El judío laico es aquel en el que más claramente se expresa la angustia del hombre contemporáneo. Es aquel que sabe que sólo va a perdurar cambiando; que va a ir siendo diferente a sí mismo todo el tiempo. Claro que es una perspectiva inquietante para quienes piensan al judío como parte de un pueblo cuya cultura ha cristalizado hace siglos, de una vez para siempre y que piensan que, salvo algún leve maquillaje, lo que cada generación judía deja a la siguiente no es un legado sino un mandato. Un mandato es una obligación de estricto cumplimiento y su desobediencia se paga con la culpa. Para mí el judaísmo no es un mandato sino una herencia, un legado que pasa de generación en generación; un legado que uno recibió de sus mayores para gozarlo y enriquecerlo, y que uno deja a sus hijos y nietos para que lo disfruten, lo modifiquen, lo enriquezcan y se enriquezcan espiritualmente con él.

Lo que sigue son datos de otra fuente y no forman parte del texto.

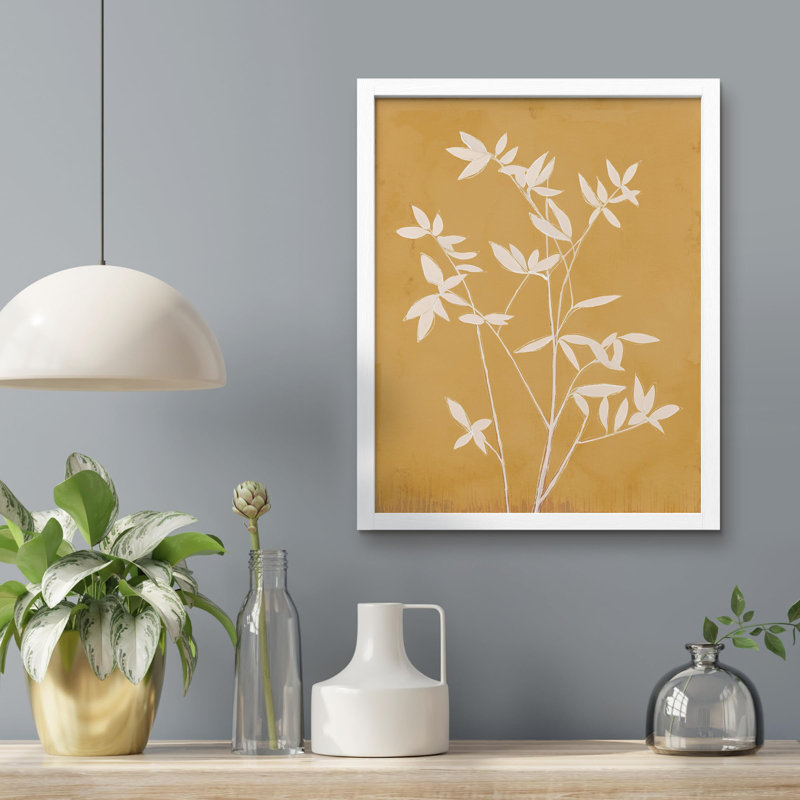 Feuilles botaniques - impression d'un seul cadre photo, H 16 po x l 12 po, Blanc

Yo soy de los que piensan que el judío laico tiene el derecho de beber de todas las fuentes de la multimilenaria creación de nuestro pueblo.  En un hermoso ensayo acerca del “Ejercicio judío de la literatura” dice Santiago Kovadloff que “si somos, como tantas veces se ha dicho, 'el pueblo del libro' no es porque lo hayamos escrito sino porque no cesamos de escribirlo. El destino más hondo de la Torá es el Talmud. El destino más conmovedor del Talmud es que siendo obra de interpretación, nació para ser infinitamente interpretado”. 

Por eso digo que sólo puede explicarse por ignorancia o estupidez despreciar el Tanaj o el Talmud, el Zohar o la literatura mística, lo creado antigua o modernamente  en arameo, hebreo, idish o judezmo. O desestimar aquella cultura judía que vió la luz en francés o en inglés, en castellano o en portugués. Tampoco creo que exista ninguna razón para que el judío laico menosprecie la simbología afectiva de un Pesaj, de un Shavuot, de un Rosh Hashaná o de cualquiera de las otras festividades que integran el año judío y que están incluídas en la larga memoria colectiva de nuestras raíces. Aunque resignificándolas. Lo que para mí no tiene sentido, como judío laico, es repetir frases hechas en las que no creo, párrafos de los que se ha evaporado, para mí, todo el encanto evocativo que tenían para nuestros abuelos. De allí la necesidad de recrearlos y resignificarlos. Aunque, claro, con respeto. ¿A qué me refiero?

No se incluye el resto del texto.